Earlier when Miss Priss lit the scene with drama, confusion about how the game worked, might have been the impetus. Now I’m not making excuses for Miss Priss, but I bring this up because I have seen children handled harshly and publicly embarrassed when they simply lacked understanding…understanding that was an adult’s responsibility to make clear to the young mind.
Children act childishly because they are children.
Parents MUST instruct and train children how to behave because they do not know how to behave.
Children need us to live with them in an understanding way and discipline them appropriately. They need kindness that speaks, “I think you’re cool!” especially when they feel frustrated, clumsy, or confused.
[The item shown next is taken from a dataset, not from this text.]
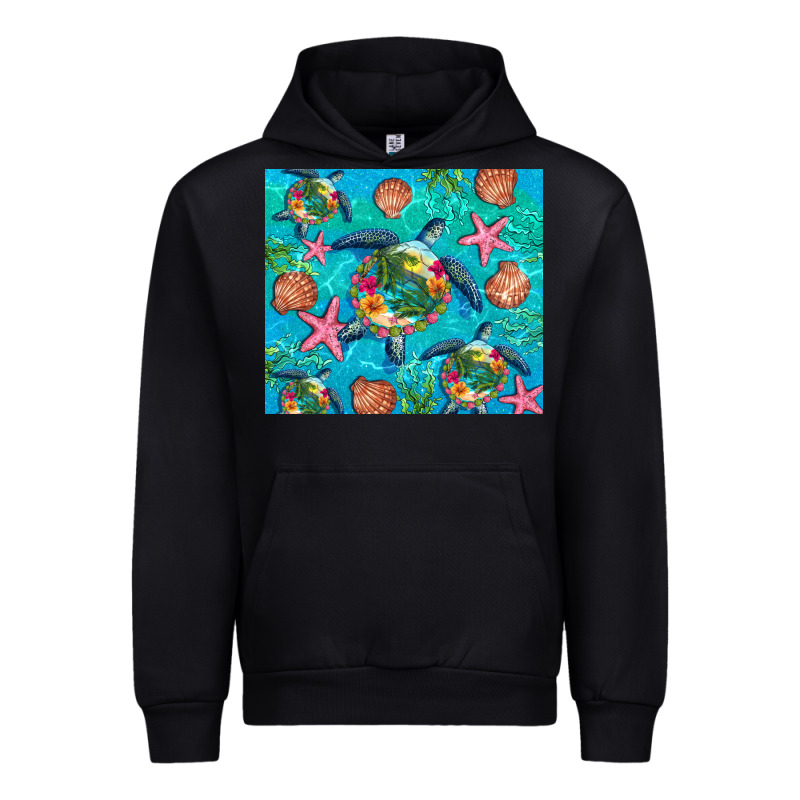 Turtle Summer Seashells Starfish Seaweed Urban Hoodie by Artiststas | Teevron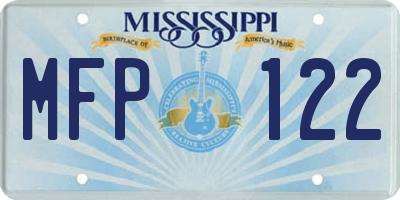 MS license plate MFP122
The other day I saw a young child recognize his mom from a distance. He ran; his smile beaming from ear to ear. However, his happy face was greeted with a scowl and a sharp word about his running, rather than a cheerful, “Hi! to you, too!”
The child deflated.
My heart broke for both of them. The young one needed his mom’s smile and hug, and the mom didn’t realize it, but she needed his hug, too.
Hugs heal and kind words instruct.
Swift harshness, which pushes a heart away, should not be the quick answer to deal with childishness. Deal with a small matter while it is small, and behaviors and emotions won’t spin out of control. Consistency in training during the younger years will provide an easier road to walk for parents and children during the teen years.
Seek wisdom in scripture in your child training and above all deal LOVINGLY in each incident, so that your child does not simply give you behavior modification adorned in resentment, but rather real heart obedience dressed in gratefulness.